◆ **Problem statement**
From the listing below, reproduce word for word the part that opens with the line containing "Airbus A320-214" and closes with the line containing "Genuine Rock Revival"; reproduce nothing else.

◆ **Exercise data**
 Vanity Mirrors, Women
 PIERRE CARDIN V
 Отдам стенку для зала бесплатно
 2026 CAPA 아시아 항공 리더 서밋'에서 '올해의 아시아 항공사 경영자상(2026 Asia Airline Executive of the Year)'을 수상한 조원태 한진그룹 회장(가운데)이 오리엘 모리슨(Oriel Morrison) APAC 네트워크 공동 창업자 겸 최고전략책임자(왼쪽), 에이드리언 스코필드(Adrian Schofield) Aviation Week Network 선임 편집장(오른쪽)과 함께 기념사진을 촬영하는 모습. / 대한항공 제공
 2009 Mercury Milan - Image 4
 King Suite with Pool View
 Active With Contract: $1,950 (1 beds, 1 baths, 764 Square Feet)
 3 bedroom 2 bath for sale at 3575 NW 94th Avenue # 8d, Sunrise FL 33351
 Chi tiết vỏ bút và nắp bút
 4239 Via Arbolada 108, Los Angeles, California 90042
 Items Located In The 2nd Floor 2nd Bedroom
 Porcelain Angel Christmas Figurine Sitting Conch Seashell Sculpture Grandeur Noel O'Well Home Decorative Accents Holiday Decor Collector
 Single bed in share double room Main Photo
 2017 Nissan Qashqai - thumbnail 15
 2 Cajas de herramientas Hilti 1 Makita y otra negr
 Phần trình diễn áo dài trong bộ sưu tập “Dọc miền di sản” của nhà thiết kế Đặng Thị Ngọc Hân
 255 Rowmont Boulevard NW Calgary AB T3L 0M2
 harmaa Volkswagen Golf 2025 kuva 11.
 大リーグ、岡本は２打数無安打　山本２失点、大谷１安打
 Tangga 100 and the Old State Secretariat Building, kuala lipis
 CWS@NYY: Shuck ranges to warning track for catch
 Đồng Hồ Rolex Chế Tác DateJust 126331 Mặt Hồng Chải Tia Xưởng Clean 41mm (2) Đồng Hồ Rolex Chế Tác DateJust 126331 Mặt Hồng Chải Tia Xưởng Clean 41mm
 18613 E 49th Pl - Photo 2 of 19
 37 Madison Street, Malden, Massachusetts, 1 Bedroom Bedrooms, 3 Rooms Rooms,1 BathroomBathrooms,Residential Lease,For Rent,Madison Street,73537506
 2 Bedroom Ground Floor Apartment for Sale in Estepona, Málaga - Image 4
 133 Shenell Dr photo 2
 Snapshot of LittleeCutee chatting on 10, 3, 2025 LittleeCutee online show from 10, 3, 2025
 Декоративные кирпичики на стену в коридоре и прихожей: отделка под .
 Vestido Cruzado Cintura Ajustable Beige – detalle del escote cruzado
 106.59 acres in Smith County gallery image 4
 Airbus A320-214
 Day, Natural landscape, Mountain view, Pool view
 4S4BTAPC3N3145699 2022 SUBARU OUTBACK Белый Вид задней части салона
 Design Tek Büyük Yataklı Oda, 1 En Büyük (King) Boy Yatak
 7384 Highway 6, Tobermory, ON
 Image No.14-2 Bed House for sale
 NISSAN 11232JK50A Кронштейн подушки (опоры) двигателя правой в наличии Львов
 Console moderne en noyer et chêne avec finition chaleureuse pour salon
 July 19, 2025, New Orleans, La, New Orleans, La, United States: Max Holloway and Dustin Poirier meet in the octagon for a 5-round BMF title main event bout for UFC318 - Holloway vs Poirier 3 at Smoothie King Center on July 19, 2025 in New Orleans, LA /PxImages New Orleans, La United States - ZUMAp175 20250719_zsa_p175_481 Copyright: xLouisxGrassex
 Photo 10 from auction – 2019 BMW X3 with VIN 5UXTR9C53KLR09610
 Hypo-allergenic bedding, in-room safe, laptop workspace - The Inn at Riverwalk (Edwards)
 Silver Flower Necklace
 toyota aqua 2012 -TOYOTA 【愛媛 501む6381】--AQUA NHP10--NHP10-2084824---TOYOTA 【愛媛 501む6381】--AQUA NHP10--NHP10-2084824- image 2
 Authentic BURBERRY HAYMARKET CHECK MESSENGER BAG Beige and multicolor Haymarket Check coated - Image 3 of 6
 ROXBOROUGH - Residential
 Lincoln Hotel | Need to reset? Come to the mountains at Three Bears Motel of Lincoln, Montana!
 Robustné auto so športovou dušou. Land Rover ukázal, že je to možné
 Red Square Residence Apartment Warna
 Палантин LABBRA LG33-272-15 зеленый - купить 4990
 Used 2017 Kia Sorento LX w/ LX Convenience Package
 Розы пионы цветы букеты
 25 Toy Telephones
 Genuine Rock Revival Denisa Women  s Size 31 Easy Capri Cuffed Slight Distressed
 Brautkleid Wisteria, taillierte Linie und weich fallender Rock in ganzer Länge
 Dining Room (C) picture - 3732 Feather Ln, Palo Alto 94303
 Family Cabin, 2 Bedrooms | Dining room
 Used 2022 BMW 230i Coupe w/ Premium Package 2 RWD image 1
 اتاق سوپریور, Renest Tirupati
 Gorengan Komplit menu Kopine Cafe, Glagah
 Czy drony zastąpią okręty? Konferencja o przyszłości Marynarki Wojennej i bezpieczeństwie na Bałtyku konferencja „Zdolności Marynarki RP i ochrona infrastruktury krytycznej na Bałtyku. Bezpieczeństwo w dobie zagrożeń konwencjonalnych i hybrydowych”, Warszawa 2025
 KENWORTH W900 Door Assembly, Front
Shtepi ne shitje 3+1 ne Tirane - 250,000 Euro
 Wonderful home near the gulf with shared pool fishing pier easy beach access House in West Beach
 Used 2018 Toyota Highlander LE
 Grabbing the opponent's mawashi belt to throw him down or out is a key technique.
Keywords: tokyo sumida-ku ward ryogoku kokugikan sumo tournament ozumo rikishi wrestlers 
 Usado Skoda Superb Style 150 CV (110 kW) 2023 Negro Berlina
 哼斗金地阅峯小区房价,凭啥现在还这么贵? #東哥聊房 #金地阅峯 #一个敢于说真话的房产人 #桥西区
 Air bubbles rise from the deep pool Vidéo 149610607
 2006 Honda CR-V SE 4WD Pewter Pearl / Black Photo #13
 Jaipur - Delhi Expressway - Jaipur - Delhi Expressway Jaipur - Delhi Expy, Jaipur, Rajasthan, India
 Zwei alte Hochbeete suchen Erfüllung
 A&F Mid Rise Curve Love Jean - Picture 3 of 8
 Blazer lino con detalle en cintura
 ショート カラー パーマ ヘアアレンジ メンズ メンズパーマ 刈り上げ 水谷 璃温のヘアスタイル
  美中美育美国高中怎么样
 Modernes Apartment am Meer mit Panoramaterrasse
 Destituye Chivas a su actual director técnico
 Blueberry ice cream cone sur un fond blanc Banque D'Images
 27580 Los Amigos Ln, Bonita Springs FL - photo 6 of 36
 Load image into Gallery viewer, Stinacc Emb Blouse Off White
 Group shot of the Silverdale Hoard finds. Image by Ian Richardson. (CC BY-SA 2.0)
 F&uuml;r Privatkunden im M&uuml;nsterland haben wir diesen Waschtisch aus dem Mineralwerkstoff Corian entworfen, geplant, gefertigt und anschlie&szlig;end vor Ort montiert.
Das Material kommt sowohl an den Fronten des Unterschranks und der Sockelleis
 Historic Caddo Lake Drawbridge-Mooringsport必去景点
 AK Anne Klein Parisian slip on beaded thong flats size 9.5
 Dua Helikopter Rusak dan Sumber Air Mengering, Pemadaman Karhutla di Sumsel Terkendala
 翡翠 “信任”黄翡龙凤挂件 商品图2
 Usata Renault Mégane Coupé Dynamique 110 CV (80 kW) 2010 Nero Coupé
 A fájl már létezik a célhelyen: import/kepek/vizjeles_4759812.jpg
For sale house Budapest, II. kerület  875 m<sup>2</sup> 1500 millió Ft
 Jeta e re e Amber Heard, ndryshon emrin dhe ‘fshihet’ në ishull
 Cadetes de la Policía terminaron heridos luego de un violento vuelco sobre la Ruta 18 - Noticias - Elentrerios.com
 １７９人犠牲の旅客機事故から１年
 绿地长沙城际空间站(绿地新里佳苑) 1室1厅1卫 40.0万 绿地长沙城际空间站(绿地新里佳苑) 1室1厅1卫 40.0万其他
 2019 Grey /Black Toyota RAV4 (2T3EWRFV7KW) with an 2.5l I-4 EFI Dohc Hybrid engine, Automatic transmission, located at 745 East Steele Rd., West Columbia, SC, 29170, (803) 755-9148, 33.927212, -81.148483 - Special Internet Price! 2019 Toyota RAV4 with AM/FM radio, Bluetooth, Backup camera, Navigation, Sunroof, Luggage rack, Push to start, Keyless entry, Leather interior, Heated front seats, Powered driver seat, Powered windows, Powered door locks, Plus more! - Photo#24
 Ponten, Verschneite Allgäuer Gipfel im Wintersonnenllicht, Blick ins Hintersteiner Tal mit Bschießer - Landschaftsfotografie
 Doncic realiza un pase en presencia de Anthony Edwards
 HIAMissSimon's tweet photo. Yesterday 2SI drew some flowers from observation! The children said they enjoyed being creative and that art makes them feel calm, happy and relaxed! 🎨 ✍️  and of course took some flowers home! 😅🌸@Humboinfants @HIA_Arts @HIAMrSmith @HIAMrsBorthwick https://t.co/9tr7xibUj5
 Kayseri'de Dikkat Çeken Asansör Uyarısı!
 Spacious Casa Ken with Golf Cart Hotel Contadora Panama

◆ **Result**
 Airbus A320-214
 Day, Natural landscape, Mountain view, Pool view
 4S4BTAPC3N3145699 2022 SUBARU OUTBACK Белый Вид задней части салона
 Design Tek Büyük Yataklı Oda, 1 En Büyük (King) Boy Yatak
 7384 Highway 6, Tobermory, ON
 Image No.14-2 Bed House for sale
 NISSAN 11232JK50A Кронштейн подушки (опоры) двигателя правой в наличии Львов
 Console moderne en noyer et chêne avec finition chaleureuse pour salon
 July 19, 2025, New Orleans, La, New Orleans, La, United States: Max Holloway and Dustin Poirier meet in the octagon for a 5-round BMF title main event bout for UFC318 - Holloway vs Poirier 3 at Smoothie King Center on July 19, 2025 in New Orleans, LA /PxImages New Orleans, La United States - ZUMAp175 20250719_zsa_p175_481 Copyright: xLouisxGrassex
 Photo 10 from auction – 2019 BMW X3 with VIN 5UXTR9C53KLR09610
 Hypo-allergenic bedding, in-room safe, laptop workspace - The Inn at Riverwalk (Edwards)
 Silver Flower Necklace
 toyota aqua 2012 -TOYOTA 【愛媛 501む6381】--AQUA NHP10--NHP10-2084824---TOYOTA 【愛媛 501む6381】--AQUA NHP10--NHP10-2084824- image 2
 Authentic BURBERRY HAYMARKET CHECK MESSENGER BAG Beige and multicolor Haymarket Check coated - Image 3 of 6
 ROXBOROUGH - Residential
 Lincoln Hotel | Need to reset? Come to the mountains at Three Bears Motel of Lincoln, Montana!
 Robustné auto so športovou dušou. Land Rover ukázal, že je to možné
 Red Square Residence Apartment Warna
 Палантин LABBRA LG33-272-15 зеленый - купить 4990
 Used 2017 Kia Sorento LX w/ LX Convenience Package
 Розы пионы цветы букеты
 25 Toy Telephones
 Genuine Rock Revival Denisa Women  s Size 31 Easy Capri Cuffed Slight Distressed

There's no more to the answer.